Theory and Applications of Molecular and Collective Nonlinear Optical Behavior of Nematic Liquid Crystals

Open Access
Author:
Diaz, Andres
Graduate Program:
Electrical Engineering
Degree:
Doctor of Philosophy
Document Type:
Dissertation
Date of Defense:
December 11, 2003
Committee Members:
  • Iam Choon Khoo, Committee Chair
  • Francis T S Yu, Committee Member
  • Theresa Stellwag Mayer, Committee Member
  • Vincent Henry Crespi, Committee Member
  • Ruyan Guo, Committee Member
Keywords:
  • optical phase conjugation
  • nonlinear optics
  • optical limiting
  • liquid crystals
  • stimulated orientational scattering
Abstract:
Two different types of nonlinear effects in nematic liquid crystals have been studied.
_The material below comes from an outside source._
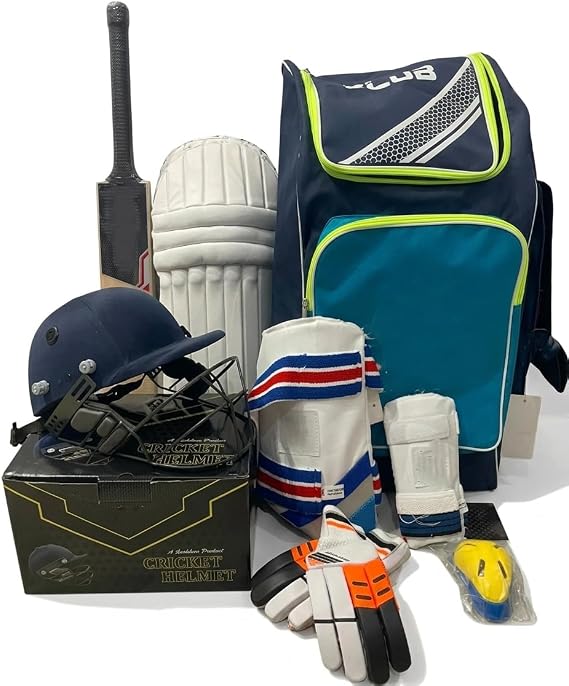 REINDEER Kashmir Willow Cricket Kit Includes Professional Bat, Leg Guards, Batting Gloves, Helmet, and Premium Kit Bag Full Protection Equipment Set Bat Size: 4 Kids Height: 144-150 CMs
The first refers to molecular absorption processes in liquid crystals and other similar organic liquids that make them useful for picosecond-nanosecond optical limiting applications. A detailed theoretical study of nonlinear molecular photonic processes accompanying the propagation of short intense laser pulses through a thin organic liquid cell and an organic liquid cored fiber array is presented. A model is proposed to account for the measurements of a recently developed organic liquid, and a comparison with pure two-photon and excited state absorption mechanisms is performed. The second nonlinear effect is the stimulated orientational scattering (SOS) effect of nematic liquid crystals, arising from the interaction of a laser beam with an elastic medium represented in the collective behavior of the liquid crystal molecules. We have demonstrated efficient all-optical polarization conversion of cw 1.55 micron laser in nematic liquid crystal films. This SOS effect is mediated by two-beam coupling between the incident polarized laser and its orthogonally polarized noise component scattered by the director axis fluctuations. We report a quantitative theory that accounts for severe pump depletion and high-efficiency polarization conversion and demonstrate good agreement with experimental observation. The existence of complex, time-dependent dynamics of the director motion is also revealed and studied.